What is the evaluation board?
The evaluation board is a carrier board for the LL-RLP-20 or LL-RXR-27 module. The board includes the following features:
- A USB-to-UART bridge (Silicon Labs CP2104) to control the module from a PC over USB
- An SMA connector for convenient routing of the module's RF path
- A Raspberry Pi B+ header to control the module from using a Raspberry Pi
- An Arduino header to control the module using an Arduino
Hardware description and configuration
Powering the evaluation board
There are several options to supply power to the evaluation board's module.
USB
Verify the J4 jumper is installed. Then use a mini-USB cable to connect the USB-UART connector to a USB power supply or PC.
Unregulated external supply
Apply 5 VDC across the gold pads at the bottom edge of the evaluation board. The positive terminal is the left-hand terminal.
Regulated external supply
Remove resistor R1. Then apply 3.3 VDC across the ALT VCC pads.
Arduino or Raspberry Pi
The module will derive power from a connected Arduino or Raspberry Pi.
Antenna selection
The module on the evaluation board can be configured to transmit/recieve radio-frequency signals via its integrated trace antenna or via an external antenna connected to the board's SMA connector. Use of an external antenna can lead to improved performance relative to the trace antenna. To switch the configuration of the module using the command line utilities provided by Link Labs, please refer to this article.

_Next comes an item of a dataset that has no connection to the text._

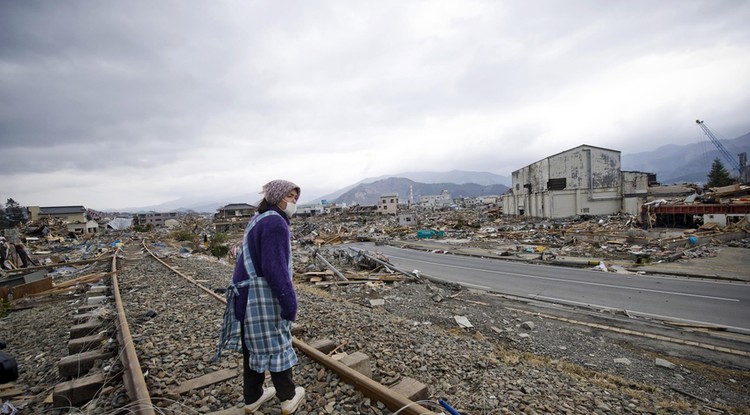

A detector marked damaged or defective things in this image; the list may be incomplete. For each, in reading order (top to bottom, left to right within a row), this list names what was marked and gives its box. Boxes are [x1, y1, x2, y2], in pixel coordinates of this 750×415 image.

For operation in the US ISM band (902--928 MHz), Link Labs recommends the Linx Tech ANT-916-CW-HWR-SMA, which is a center-fed half-wave dipole antenna.
LED indicator
The evaluation board includes a single red light-emitting diode (LED), labeled IO0. The LED illuminates anytime the module sets the host interrupt line (i.e., when one/many of the module's interrupt flags is/are latched).
RESET pushbutton
The evaluation board includes a RESET pushbutton. Depressing this button drives pin 7 low (the module's pin 7). When the button is released, an internal pull-up drives pin 7 high to actuate a hardware reset.
USB-UART jumper
The USB-UART jumper (or J4 jumper) provides a method to disconnect the Silicon Labs CP2104 USB-UART bridge from the module. Disconnecting the bridge may be useful when the USB-UART connection is not needed.
Hardware schematics
Download *pdf files of the evaluation board schematics.
LL-RLP-20/LL-RXR-27 evaluation board (Revision 4)
RLP_eval_board_rev4.pdf
LL-RLP-20/LL-RXR-27 evaluation board (Revision 5)
RLP_eval_board_rev5.pdf
LL-RLP-20/LL-RXR-27 evaluation board (Revision 6 / LL3B60)
RLP_eval_board_rev6.pdf
USB Drivers
To control the evaluation board from a computer, you must first install the drivers for the Silicon Labs CP2104 USB-to-UART bridge. The Windows version of these drivers are packaged with the Prelude Windows installer.
Controlling the module using Prelude
Prelude is a graphical user interface designed to control an LL-RLP-20 or LL-RXR-27 evaluation board from a PC. Download the latest release of Prelude here.
For a quick tutorial on using Prelude to control an evaluation board in Symphony Link mode, please follow the Symphony Link Development Kit Quick Start Guide.
The Prelude User's Guide provides a detailed description of how to use Prelude to control an evaluation board in any mode.
Controlling the module from the command line
Install the drivers for the Silicon Labs CP2104 USB-to-UART bridge
Install drivers for the evaluation board's CP2104 USB-to-UART bridge.
Getting started for Windows
Link Labs provides the following pre-packaged executables for download. These are command-line utilities to control the evaluation board's module over USB.
- symphony_test.exe - a command-line utility to control the module in Symphony Link mode. This allows you to control the module while it participates in a Symphony Link network.
- nomac_test.exe - a command-line utility to control the module in NoMac mode. This utility gives you control of the module's low-level radio parameters.
Alternatively, you can compile any of these applications from the host interface source code using MinGW with MSYS. Follow the MinGW installation instructions for Linux using an MSYS shell.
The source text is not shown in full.